When a line below contains the word "Bianco", it counts toward the total; give that total and nothing besides.

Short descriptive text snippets
• • • • •

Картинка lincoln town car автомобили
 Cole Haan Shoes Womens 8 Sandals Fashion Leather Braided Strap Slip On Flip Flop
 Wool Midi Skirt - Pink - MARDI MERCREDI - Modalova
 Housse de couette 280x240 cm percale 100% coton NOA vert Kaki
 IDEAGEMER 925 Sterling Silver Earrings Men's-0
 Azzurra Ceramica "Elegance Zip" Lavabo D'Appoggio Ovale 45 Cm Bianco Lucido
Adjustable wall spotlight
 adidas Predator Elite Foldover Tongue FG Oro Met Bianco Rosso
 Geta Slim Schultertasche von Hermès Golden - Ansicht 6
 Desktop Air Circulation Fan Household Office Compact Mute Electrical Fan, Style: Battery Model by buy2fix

• • • • •

_Task response_: 2